Я смотрел на Сундука, слушал его и вдруг ощутил, что мной незаметно овладело какое-то новое чувство, совсем отличное от той радостной озабоченности, на которой я поймал себя при встрече со школьниками. Это было чувство ответственности, ничем не измеримой… ответственности перед будущим, перед собственной совестью, перед всеми людьми, перед тем великим, с чем я дерзнул слить свою жизнь.

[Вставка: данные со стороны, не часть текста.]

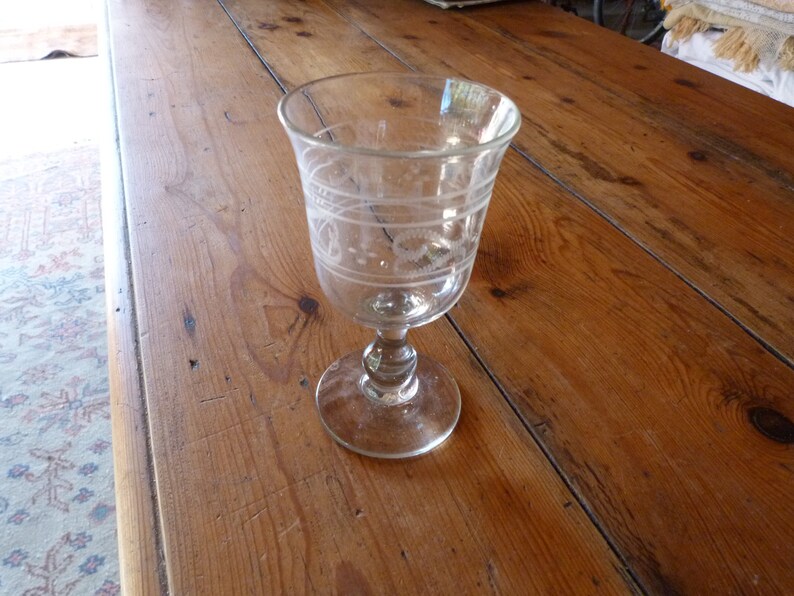 May include: A clear glass goblet with an etched design on the side. The goblet has a round base and a stem.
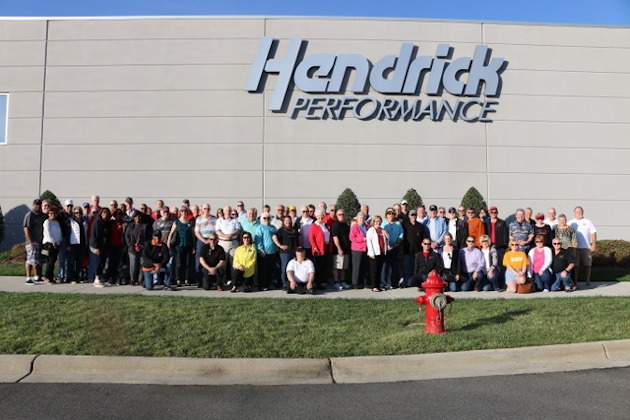 Corvette enthusiasts in front of Hendrick Performance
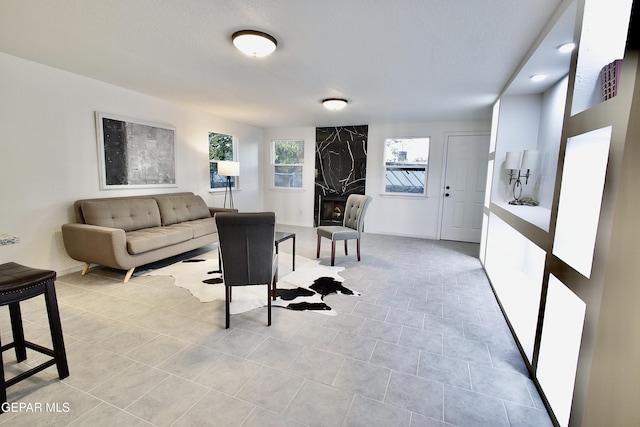 living room with light tile patterned floors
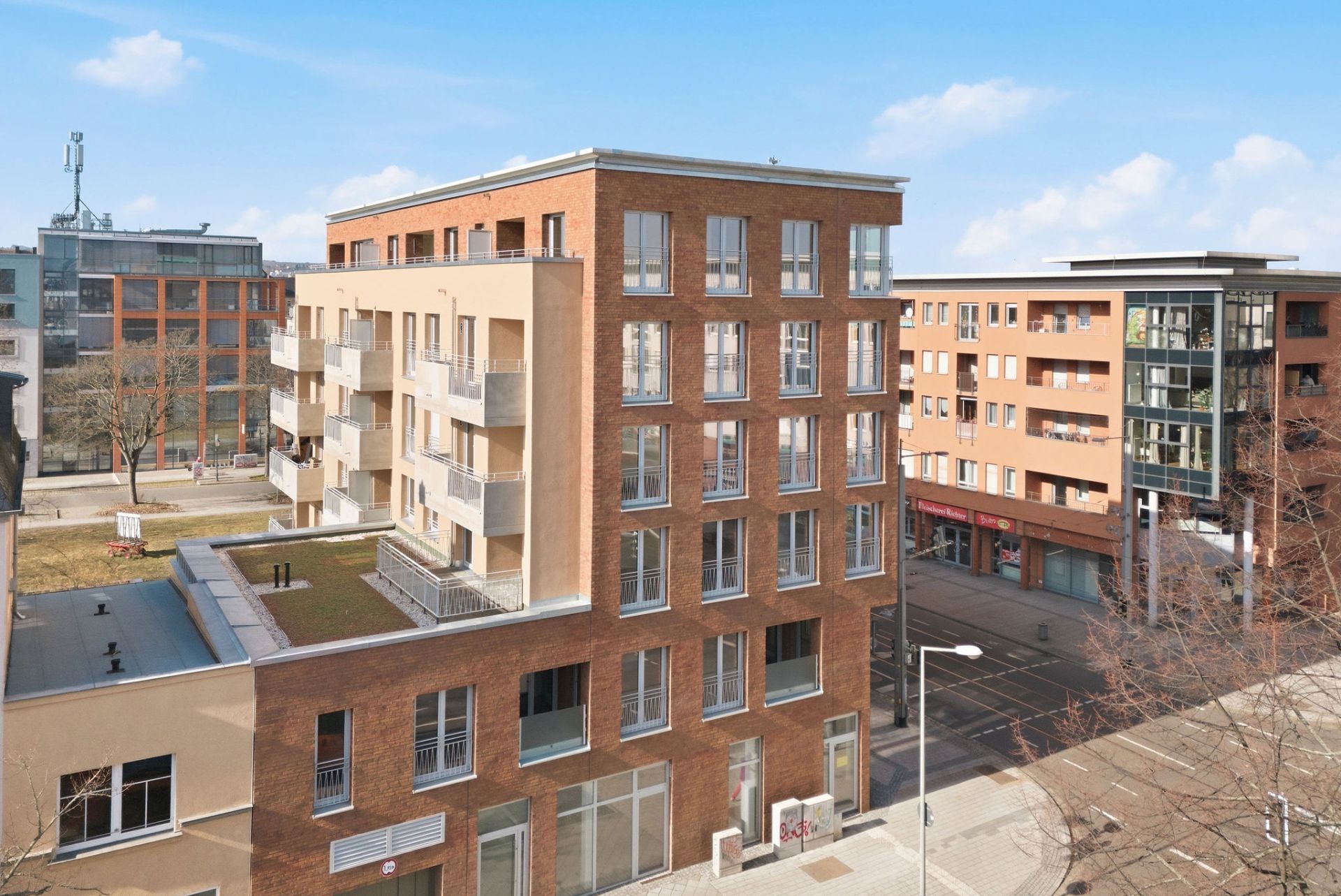 Mehrstöckiges Wohngebäude mit Balkonen und großen Fenstern in einer urbanen Umgebung.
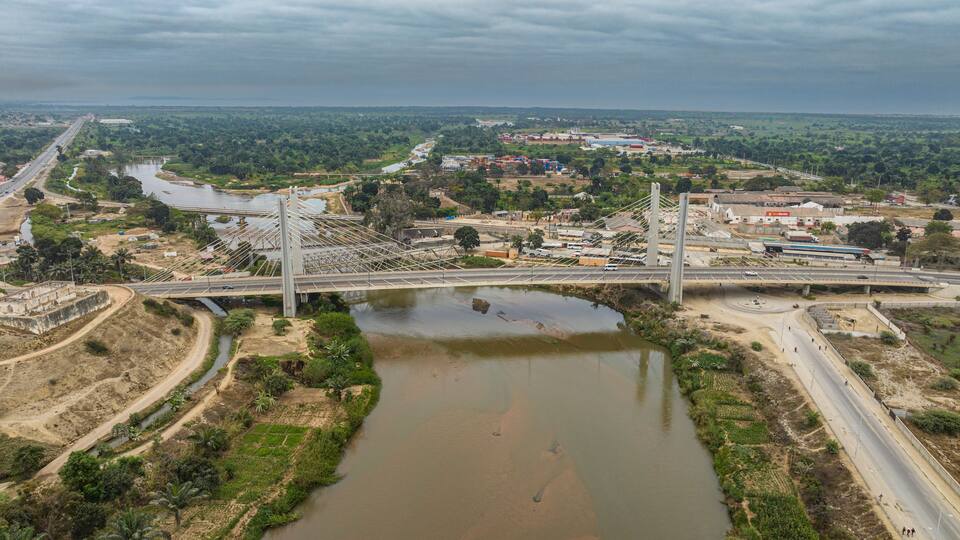 A bridge over a river with surrounding greenery and industrial buildings.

И как только стало ясным для меня это чувство, что-то воскресло в памяти, раз уже бывшее со мной… Но что именно? Вот-вот встанет оно — и все до конца будет ясно! И я вспомнил такое же, когда-то испытанное мной острое ощущение ответственности. Когда же и по какому поводу оно было? И что я вижу теперь нового в моем друге Сундуке сравнительно с тем, что в нем известно мне? И в голосе его, и в походке, и во всем его душевном строе?
Да, да! Это самое и есть… Нашел, нашел! Я так загорелся от своей догадки, что сейчас же спросил Сундука:
— Ты видел Ленина? Неужели ты успел съездить за границу?
Я был уверен, что Сундук обрадуется моей догадке, моей проницательности.
— Это же видно, Сундук. Ты как-то весь светишься…
— Что это за выспрашивание? — тихо, но очень гневно сказал Сундук. — Да и как я мог бы за это время съездить за границу и вернуться?
У Сундука сорвалось резкое, бранное слово, и он велел мне «от догадок воздержаться». Я понял Сундука и не обиделся. Говорить вслух о таком, даже и меж собой, нельзя — стены могут услышать. Но у меня осталось убеждение, что я все-таки угадал: Сундук приехал сюда, озаренный недавней встречей с Лениным.
Мне вспомнилось, как я сам в первый раз видел Ленина в январе 1906 года на заседании лекторской группы при Московском комитете. Это было на частной квартире, в большой комнате; я притаился в уголке, вдали от всех, и смотрел на Ленина.
В моей душе все было торжественно, приподнято. Я не мог бы произнести ни слова, если бы потребовалось говорить. Меня оскорбляли у других их обыкновенные слова, шутки, смех, чаепитие. Ленин побыл недолго и говорил немного. Когда он кончил, я не нашел в себе ни одного движения, чтобы как-нибудь выразить то, что меня взволновало. Да я и не знал, что во мне… Когда он уехал, я поспешил уйти. И только оставшись один, я ощутил, как много произошло во мне и как происшедшее значительно для меня. Бесстрашие, бесстрашие мысли — вот какое ощущение осталось у меня от его слов. Бесстрашие, которое ничем смутить или потрясти невозможно. Его мысль, могучая и торжествующая в своей силе, уверенно ищет и настигает с быстротой и хладнокровием всякий намек на иллюзию, на мираж, рассеивает всякий туман и ставит нас лицом к лицу перед суровейшей, очищенной правдой. И тогда все предметы, все положения, все соотношения предстают в точных очертаниях и границах, как в спокойном, ясном свете солнечного дня. И это бесстрашие мысли я ощутил как моральный призыв — новый тогда для меня, — как призыв к постоянно настороженному чувству ответственности перед нашим делом за каждый ложный, иллюзорный шаг. Долго после этого я ходил внутренне обогащенный, полный строгой сосредоточенности, а внешне бессознательно подражал голосу и жестам Ленина.